The batteries of the electric automobile generate heat during operation, which increases the temperature of the batteries, and the longer the batteries operate, and the more heat the batteries accumulate, thus the temperature of the batteries gets higher. If the batteries are not cooled in time, the working performance and service life of batteries will be adversely influenced. In the conventional technology, batteries of the electric automobile are generally cooled by a battery cooling system, the cooling capacity of which is generally provided by an air conditioning system of the electric automobile.
In general, the battery cooling system includes a plate heat exchanger and a thermal expansion valve. The plate heat exchanger substantially has two kinds of structures, one kind is formed by stacking a series of heat exchanging plates with certain corrugations, and the other kind employs fin structures between heat exchanging plates as flow passages. Both structures may form a passage for an interaction between the two kinds of media to realize heat exchange between the two kinds of media. When the plate heat exchanger is applied in the battery cooling system, two kinds of media in the passage are a refrigerant and a cooling liquid.
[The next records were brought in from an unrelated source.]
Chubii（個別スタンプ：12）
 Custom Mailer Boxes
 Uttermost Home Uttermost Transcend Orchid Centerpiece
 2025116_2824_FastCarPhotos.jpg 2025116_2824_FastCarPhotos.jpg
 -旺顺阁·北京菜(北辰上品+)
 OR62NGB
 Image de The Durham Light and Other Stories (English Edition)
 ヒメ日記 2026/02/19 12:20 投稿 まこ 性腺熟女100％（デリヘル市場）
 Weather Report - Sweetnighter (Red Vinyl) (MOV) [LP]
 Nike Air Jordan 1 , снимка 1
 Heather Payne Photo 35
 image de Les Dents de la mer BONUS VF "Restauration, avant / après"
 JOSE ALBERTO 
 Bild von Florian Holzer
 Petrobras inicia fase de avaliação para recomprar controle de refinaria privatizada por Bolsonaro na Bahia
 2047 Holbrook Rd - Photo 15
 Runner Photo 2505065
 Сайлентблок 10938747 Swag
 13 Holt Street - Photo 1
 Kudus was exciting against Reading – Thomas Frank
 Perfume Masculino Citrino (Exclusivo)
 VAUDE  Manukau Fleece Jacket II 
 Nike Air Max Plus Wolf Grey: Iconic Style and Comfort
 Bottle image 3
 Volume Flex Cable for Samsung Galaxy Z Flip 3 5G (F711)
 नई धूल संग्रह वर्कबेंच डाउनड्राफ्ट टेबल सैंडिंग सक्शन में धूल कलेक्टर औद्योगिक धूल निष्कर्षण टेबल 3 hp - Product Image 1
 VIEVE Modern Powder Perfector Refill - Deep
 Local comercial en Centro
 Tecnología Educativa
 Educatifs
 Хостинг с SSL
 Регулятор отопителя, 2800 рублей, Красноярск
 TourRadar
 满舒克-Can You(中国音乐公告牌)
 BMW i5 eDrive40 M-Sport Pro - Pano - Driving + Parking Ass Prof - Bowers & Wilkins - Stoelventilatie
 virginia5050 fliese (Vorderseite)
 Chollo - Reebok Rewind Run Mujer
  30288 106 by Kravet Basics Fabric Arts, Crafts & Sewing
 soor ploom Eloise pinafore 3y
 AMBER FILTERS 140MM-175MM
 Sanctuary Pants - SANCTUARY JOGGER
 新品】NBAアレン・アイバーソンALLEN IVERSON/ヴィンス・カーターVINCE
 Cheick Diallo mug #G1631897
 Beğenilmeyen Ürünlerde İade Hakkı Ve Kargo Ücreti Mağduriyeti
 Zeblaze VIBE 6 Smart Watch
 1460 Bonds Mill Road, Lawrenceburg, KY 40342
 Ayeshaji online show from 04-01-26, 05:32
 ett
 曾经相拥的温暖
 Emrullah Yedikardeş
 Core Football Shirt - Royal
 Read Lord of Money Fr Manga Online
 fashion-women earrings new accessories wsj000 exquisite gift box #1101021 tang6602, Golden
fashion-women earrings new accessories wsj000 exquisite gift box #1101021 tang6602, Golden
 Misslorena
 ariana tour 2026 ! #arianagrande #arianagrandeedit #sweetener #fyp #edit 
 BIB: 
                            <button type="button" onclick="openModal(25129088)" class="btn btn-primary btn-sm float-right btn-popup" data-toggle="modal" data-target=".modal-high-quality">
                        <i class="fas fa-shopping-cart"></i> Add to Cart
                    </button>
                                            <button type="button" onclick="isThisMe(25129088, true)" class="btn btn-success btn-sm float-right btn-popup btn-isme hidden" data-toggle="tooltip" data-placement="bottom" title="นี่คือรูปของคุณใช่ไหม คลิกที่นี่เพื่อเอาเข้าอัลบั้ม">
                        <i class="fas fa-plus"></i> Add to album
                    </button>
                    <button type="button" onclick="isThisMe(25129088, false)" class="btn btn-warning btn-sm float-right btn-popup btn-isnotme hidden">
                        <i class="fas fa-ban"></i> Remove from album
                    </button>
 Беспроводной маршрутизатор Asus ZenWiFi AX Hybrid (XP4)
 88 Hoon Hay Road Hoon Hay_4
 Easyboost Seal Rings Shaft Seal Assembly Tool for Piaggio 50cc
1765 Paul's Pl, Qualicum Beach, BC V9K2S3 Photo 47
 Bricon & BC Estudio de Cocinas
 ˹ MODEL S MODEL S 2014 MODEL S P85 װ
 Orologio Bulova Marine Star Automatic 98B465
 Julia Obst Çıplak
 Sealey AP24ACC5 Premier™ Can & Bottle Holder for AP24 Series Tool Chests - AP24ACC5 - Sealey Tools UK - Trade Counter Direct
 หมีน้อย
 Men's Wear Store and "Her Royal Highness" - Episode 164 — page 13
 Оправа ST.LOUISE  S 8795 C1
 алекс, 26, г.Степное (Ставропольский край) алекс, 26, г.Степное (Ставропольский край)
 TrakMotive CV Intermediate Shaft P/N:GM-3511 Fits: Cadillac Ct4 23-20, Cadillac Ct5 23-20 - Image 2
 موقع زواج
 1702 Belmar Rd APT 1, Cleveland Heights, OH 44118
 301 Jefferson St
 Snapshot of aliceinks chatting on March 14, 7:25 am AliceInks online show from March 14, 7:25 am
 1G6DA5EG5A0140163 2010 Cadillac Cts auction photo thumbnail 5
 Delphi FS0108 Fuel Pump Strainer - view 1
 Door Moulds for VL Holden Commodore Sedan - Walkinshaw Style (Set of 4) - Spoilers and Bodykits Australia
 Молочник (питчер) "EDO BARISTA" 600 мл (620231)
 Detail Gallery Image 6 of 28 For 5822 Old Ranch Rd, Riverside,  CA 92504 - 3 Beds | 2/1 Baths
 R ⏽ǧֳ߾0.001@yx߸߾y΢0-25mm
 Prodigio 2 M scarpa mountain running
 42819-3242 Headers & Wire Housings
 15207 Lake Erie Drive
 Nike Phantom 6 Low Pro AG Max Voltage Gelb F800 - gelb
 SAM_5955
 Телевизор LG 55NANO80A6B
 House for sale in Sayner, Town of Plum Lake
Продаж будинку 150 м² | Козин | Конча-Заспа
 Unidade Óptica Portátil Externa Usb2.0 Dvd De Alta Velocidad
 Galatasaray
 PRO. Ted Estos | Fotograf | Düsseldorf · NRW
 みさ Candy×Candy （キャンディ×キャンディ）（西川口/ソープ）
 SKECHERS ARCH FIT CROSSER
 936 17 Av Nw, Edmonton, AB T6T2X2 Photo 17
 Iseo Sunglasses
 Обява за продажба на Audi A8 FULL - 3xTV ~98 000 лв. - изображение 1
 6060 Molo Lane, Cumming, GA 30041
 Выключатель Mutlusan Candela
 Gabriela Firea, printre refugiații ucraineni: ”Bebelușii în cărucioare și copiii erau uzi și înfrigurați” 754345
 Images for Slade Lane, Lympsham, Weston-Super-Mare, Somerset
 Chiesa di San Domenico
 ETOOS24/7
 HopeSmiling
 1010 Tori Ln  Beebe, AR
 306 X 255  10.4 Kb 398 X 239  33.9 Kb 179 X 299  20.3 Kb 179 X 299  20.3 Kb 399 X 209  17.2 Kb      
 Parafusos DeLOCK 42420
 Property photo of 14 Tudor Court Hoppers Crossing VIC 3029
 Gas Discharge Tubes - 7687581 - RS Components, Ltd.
The principle of the battery cooling system is described as follows, after flowing out of a thermal expansion valve, the refrigerant cools the cooling liquid via the plate heat exchanger, and then the cooling liquid cools the batteries via a battery cooling plate.
Reference is made to FIG. 1. The connection between a conventional plate heat exchanger 1′ and a thermal expansion valve 2′ is realized by leading out connecting pipes 3′ at a refrigerant inlet and a refrigerant outlet of the plate heat exchanger 1′ to connect to the thermal expansion valve 2′. However, this indirect connection has the following disadvantages.
1. Since the plate heat exchanger 1′ and the thermal expansion valve 2′ has a complicated connection structure, the assembly has a large volume, and is inconvenient to be installed inside the automobile.
2. The plate heat exchanger 1′ and the thermal expansion valve 2′ are connected by pipelines, thus there are many parts, and the cost is relatively high.
3. Connection pipelines between the plate heat exchanger 1′ and the thermal expansion valve 2′ are long, thus the whole assembly has a poor vibration-proof performance, and ruptures of the connection pipe and other phenomena are apt to occur.
4. As pipelines and other materials are added, the whole assembly has a heavy weight.
5. The refrigerant needs to pass through the pipelines to flow from the thermal expansion valve to the plate heat exchanger, which is bound to adversely affect the refrigeration effect.
Therefore, an urgent technical issue to be addressed by the person skilled in the art is to integrate a heat exchanger with other parts, to enable the heat exchanger to be directly connected to the expansion valve, so as to enable the heat exchanger to have a compact structure, a good vibration-proof performance, a low cost and be easy to install.